Making a Wind Speed Meter

A Day-Dreamer's Guide

The idea of a homemade wind-speed meter must surely cross the mind of avid kite-flyers from time to time! Here are my own ideas and musings, after a quick look at one retail wind meter in particular. Have you noticed that quality meters and weather-data loggers are quite expensive? There's not much out there under US$150.

A retail wind meter in use at a kite festival.Windtronic 2 anemometer

Also called the anemometer (try saying that quickly!) or wind gauge, this kind of device is handy for a wide range of wind-powered sports. Some of these sports could be rather demanding on such a device, since it could be bumped or splashed with water. Or worse!

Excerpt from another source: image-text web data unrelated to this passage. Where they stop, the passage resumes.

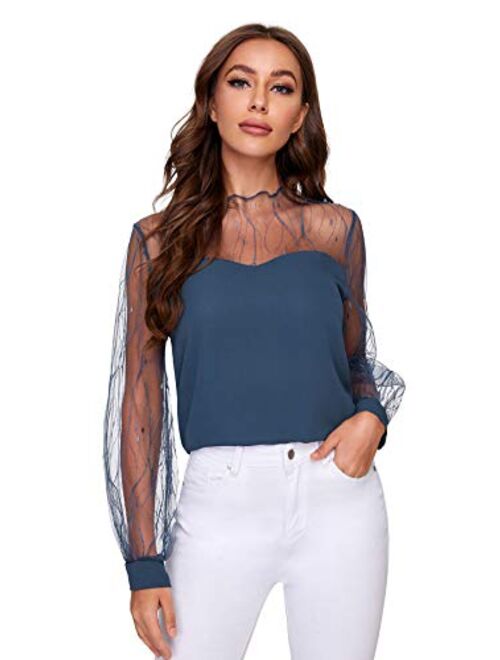 Romwe Women's Elegant Mesh Long Sleeve Sweetheart Neck Casual Chiffon Blouse Top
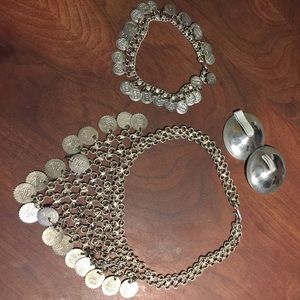 Belly dance jewelry and hand symbols set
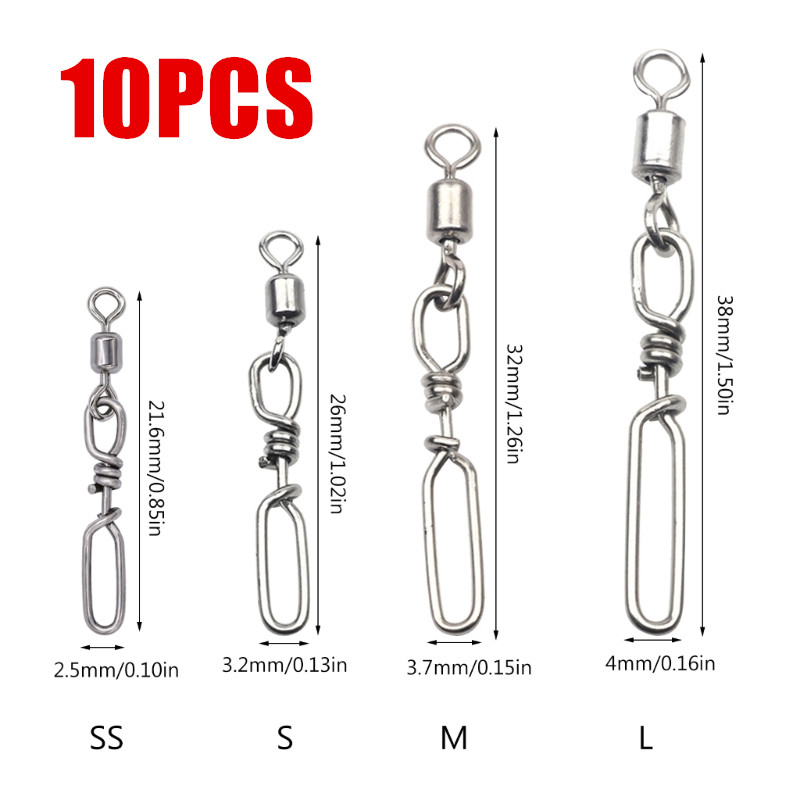 10Pcs Stainless Steel Quick Sn - Fishing Equipment Set avaliação e preço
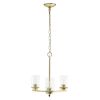 Modern 3-Light 15" Clear Glass and Metal Hanging Pendant Chandelier, Gold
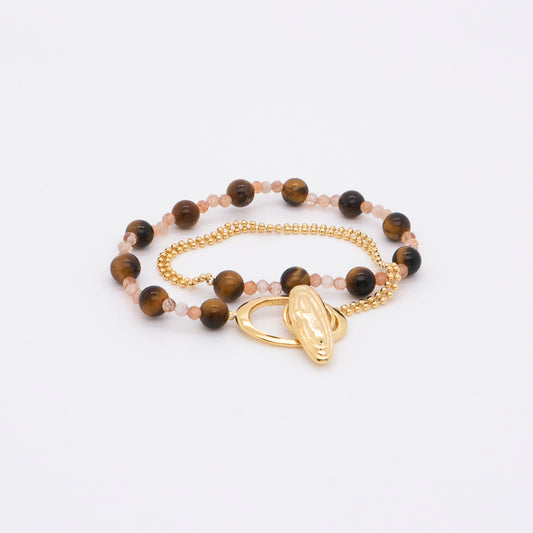 Solar Flares - Magnetic Storm Tigerite Sunstone Bracelet (18K Gold Plated)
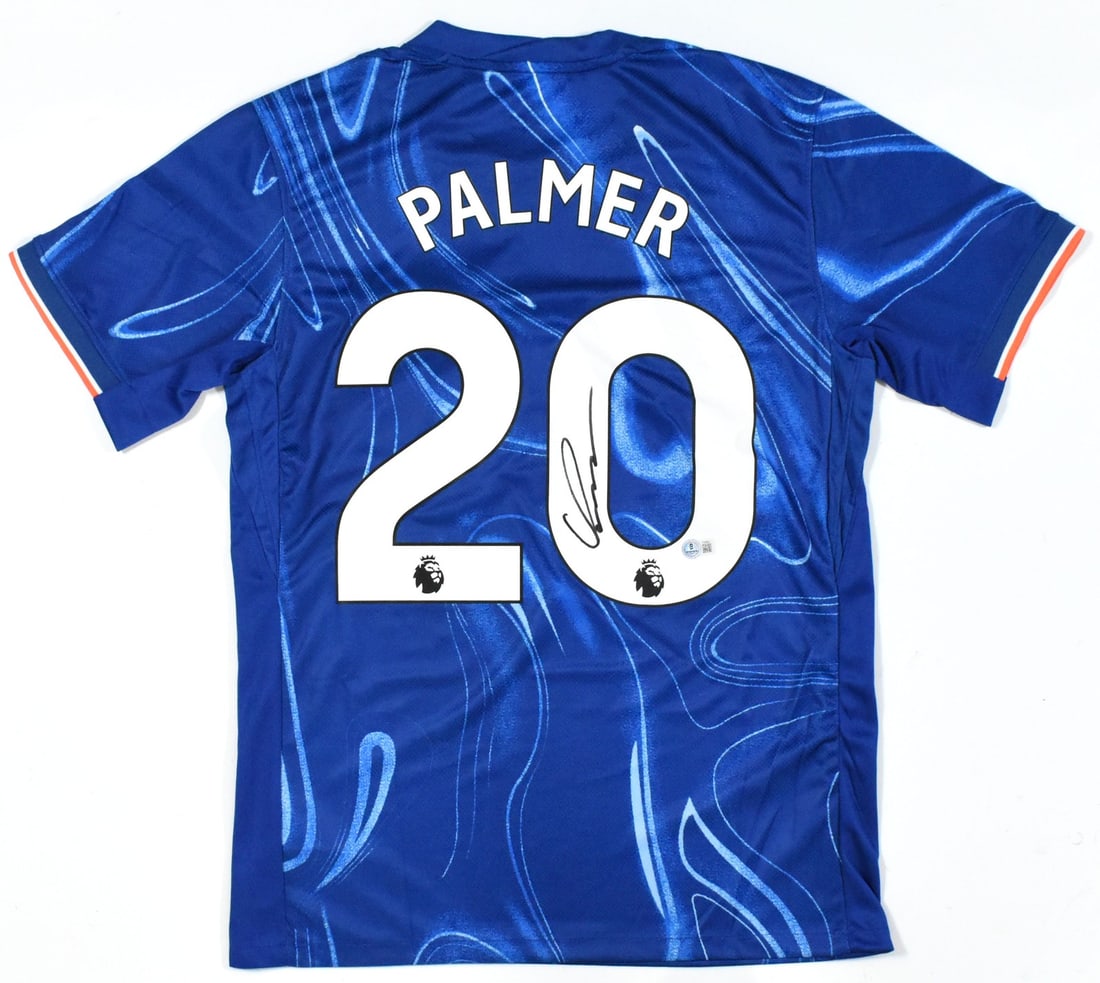 Chelsea FC Home Jersey Signed by Cole Palmer Beckett Hologram: Chelsea FC Home Jersey Signed by Cole Palmer Beckett Hologram This is a pre-owned Chelsea FC home soccer jersey autographed by player Cole Palmer, featuring his number 20. The jersey includes a Becket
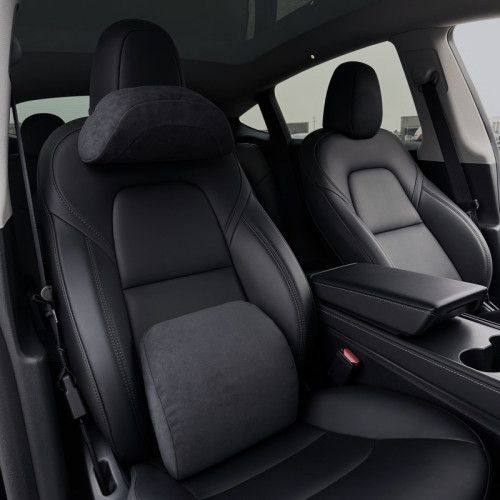 適用於Model 3/Y/S/X汽車頭枕頭枕護頸腰靠杜邦生物棉頭枕翻毛皮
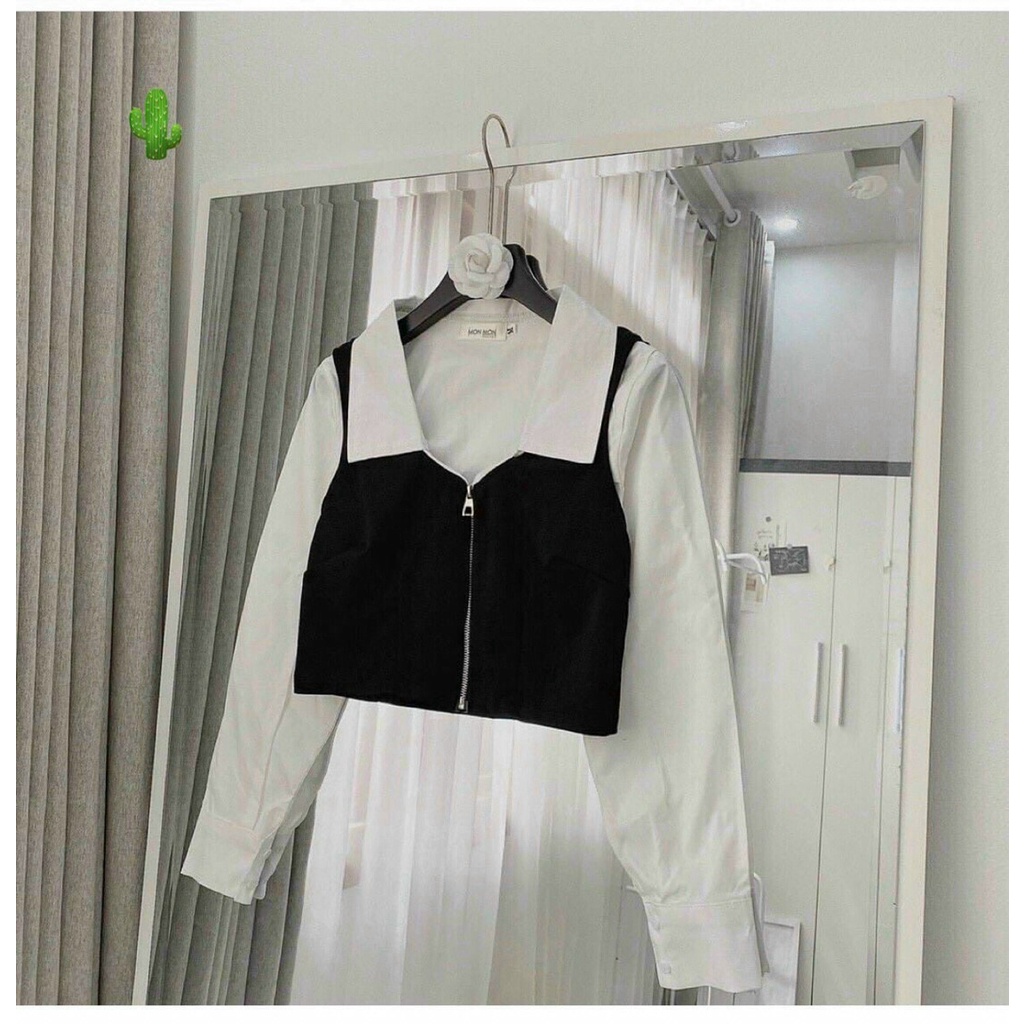 ÁO SƠ MI CỔ VUÔNG CROPTOP TIỂU THƯ CÁCH ĐIỆU KHÓA KÉO XỊN LẮM Ạ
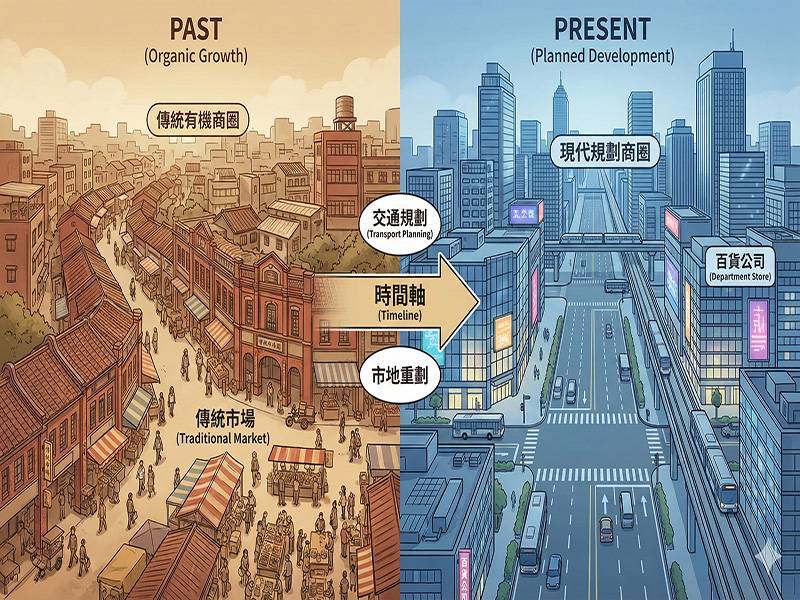  台灣商圈演化論：有機生長與人造規劃的興衰韌性分析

However, good old single-line kiting would have to be one of the safest environments for a wind-speed meter. In comparison to many other sports and hobbies, that is. Flying a kite is generally quite a genteel activity. Wouldn't you agree?

Before diving into some ideas for homemade devices, I have to admit that I don't actually use one that was made at home! You see, a jolly red-coated gentleman with white beard supplied me with a you-beaut (Aussie expression) Windtronic 2 anemometer on the 25th of December quite a few years ago. However, before this ... ermmm windfall ... I certainly was considering making one for myself.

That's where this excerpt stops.